▶ **Problem**
The whole listing is to be restated word for word with no images.

▶ **Dataset records**
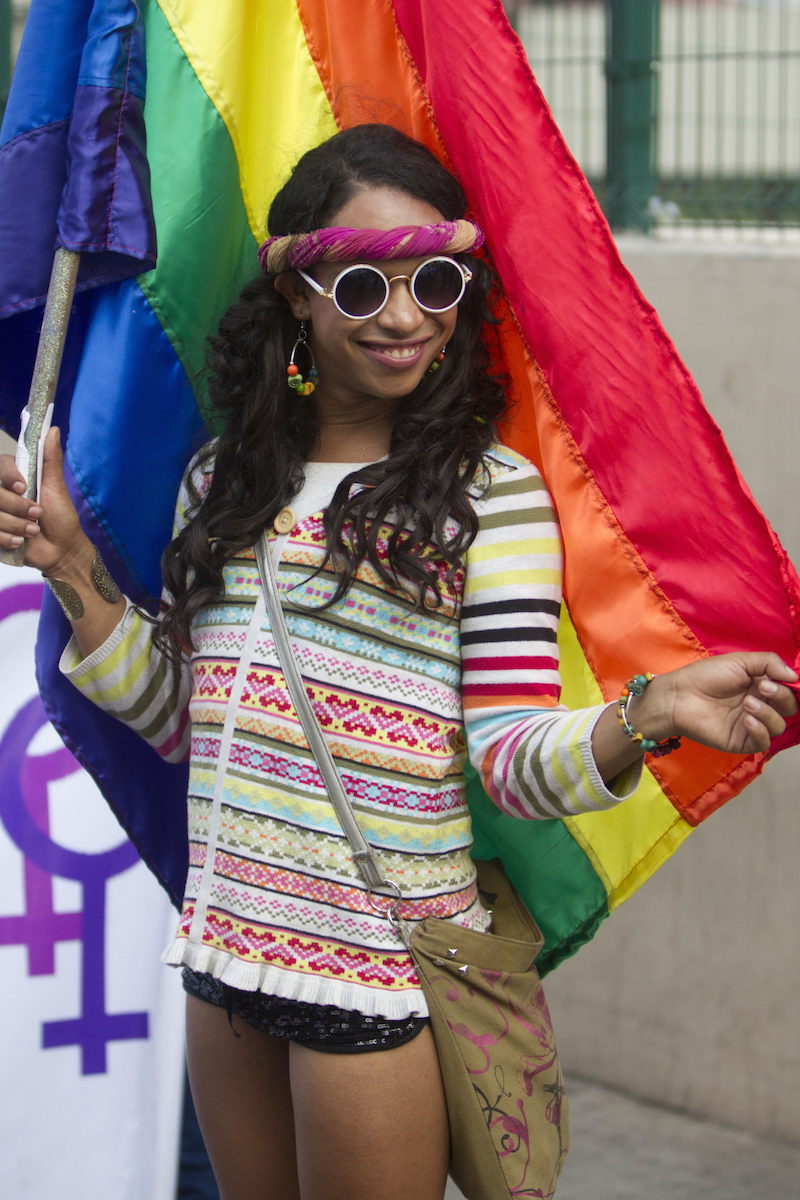 Activistas de la comunidad lésbica, gay, transgénero y bisexual (LGTB) participan este, viernes 16 de mayo de 2014, en una marcha conmemorando el día internacional contra la Homofobia en Tegucigalpa.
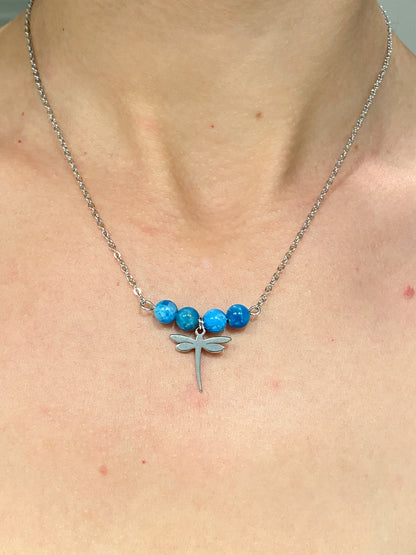 Collier en Apatite avec Pendentif Libellule en Acier Inoxydable - Harmonie Naturelle pour un Style Élégant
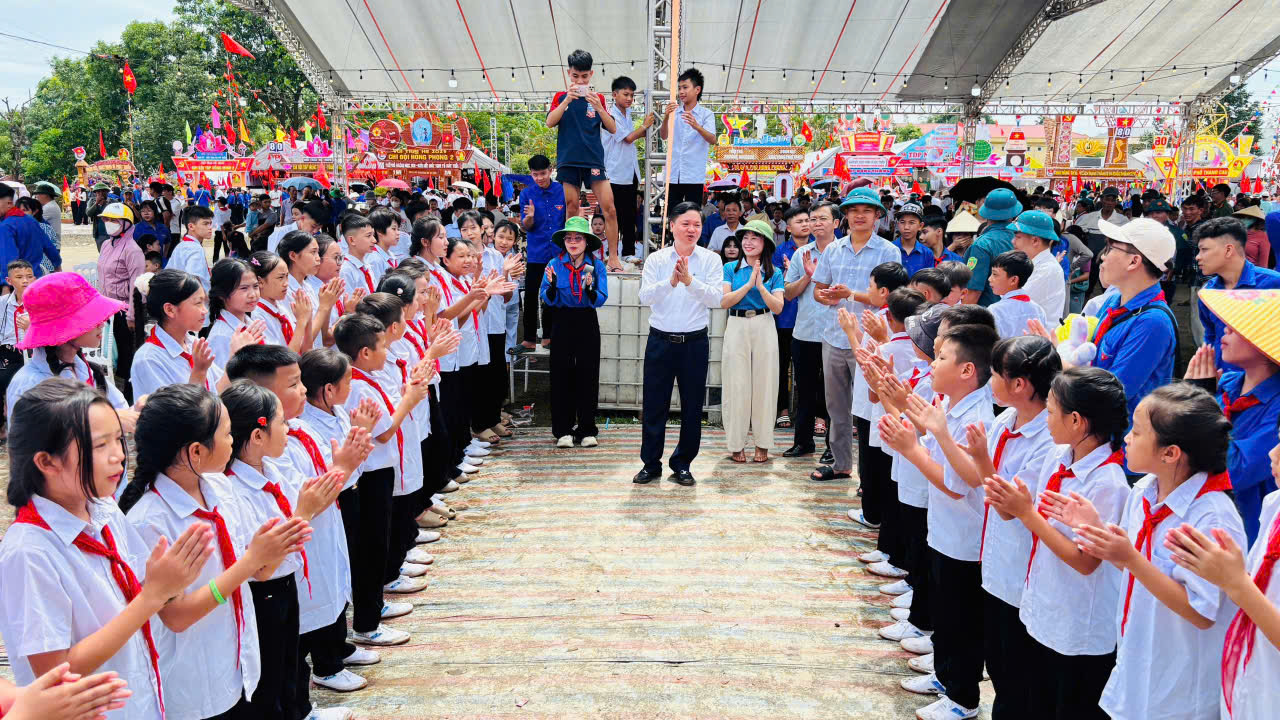 Anh-tin-bai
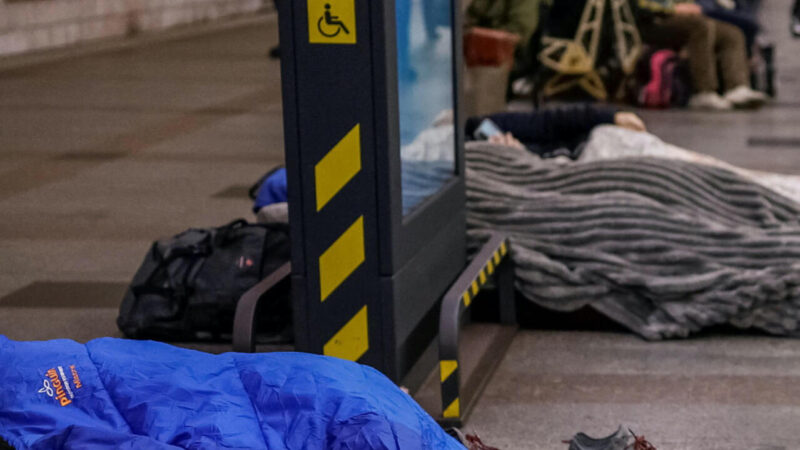 Ukraine : frappes meurtrières à l’ouest, le pays en état d’alerte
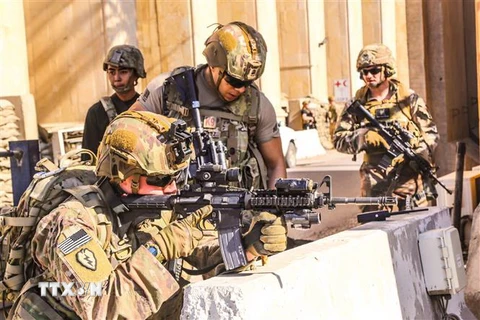 Lính thủy đánh bộ Mỹ được triển khai tới Đại sứ quán Mỹ ở Baghdad, Iraq, ngày 31/12/2019. (Ảnh: AFP/TTXVN)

▶ **Written solution**
 Activistas de la comunidad lésbica, gay, transgénero y bisexual (LGTB) participan este, viernes 16 de mayo de 2014, en una marcha conmemorando el día internacional contra la Homofobia en Tegucigalpa.
 Collier en Apatite avec Pendentif Libellule en Acier Inoxydable - Harmonie Naturelle pour un Style Élégant
 Anh-tin-bai
 Ukraine : frappes meurtrières à l’ouest, le pays en état d’alerte
 Lính thủy đánh bộ Mỹ được triển khai tới Đại sứ quán Mỹ ở Baghdad, Iraq, ngày 31/12/2019. (Ảnh: AFP/TTXVN)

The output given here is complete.